Savior refers to the function of the Priesthood of Jesus Christ.  He is the high priest.  His own blood is His sacrifice of atonement for Christians.  This grace gave us a “new birth into a living hope.”  I Pet. 1:3.  The sacrifice of atonement in Rom. 3:25 is synonymous in function with the mercy seat in Heb. 9:5.  Both words were translated from the Greek word hilaskomai.  This is the means by which God is appeased when He sees faith in Christians in the sacrifice of Jesus’ blood on the cross.  This is the function of the doctrine of justification by faith.  It only works for Christians with “faith made perfect.”  Jas. 2:22, 23.  Jesus “was delivered over to death for our sins and was raised to life for our justification.”  Rom. 4:25.  The result of Christians’ new birth, and presently our justification by faith, is “the pledge of a good conscience toward God.”  I Pet 3:21.  Our interest in this lesson is how a good conscience relates to doing good evangelism.

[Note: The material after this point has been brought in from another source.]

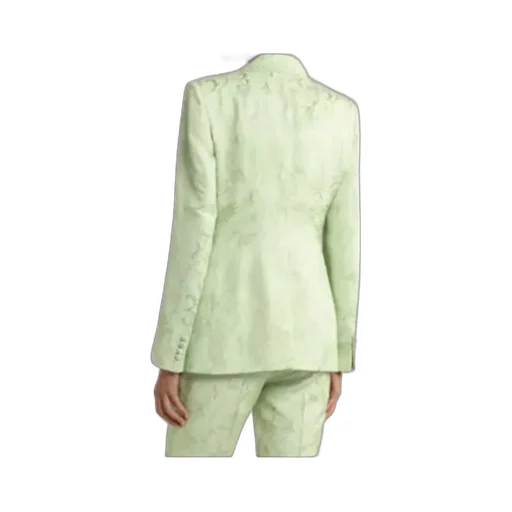 Single-Breasted Floral Jacquard Jacket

After presenting these same grace doctrines in detail to the saints in Rome, the Apostle Paul asked, “If God is for us, who can be against us?  Rom. 8:31.  Peter asked the same question in the opening verse of our text.  God is asking Christians this same question today.  “Who will harm us if we are eager to do good?”  To appreciate Peter’s question, first we need to see ourselves as one with the people who condemned ourselves as evil by the work of our own consciences.  Mind court sessions on our selves left us with a conscience that did not function well because of guilt (Rom. 2:15).  Please note how often Peter used the words good and evil in chapter three (Gen 3:22).  Then in the close of this complex thought he introduced Noah and the flood waters.  “In it only a few people, eight in all, were saved through water, and this water symbolizes baptism that now saves you also – not the removal of dirt from the body but the pledge of a good conscience toward God.”  I Pet. 3:20, 21.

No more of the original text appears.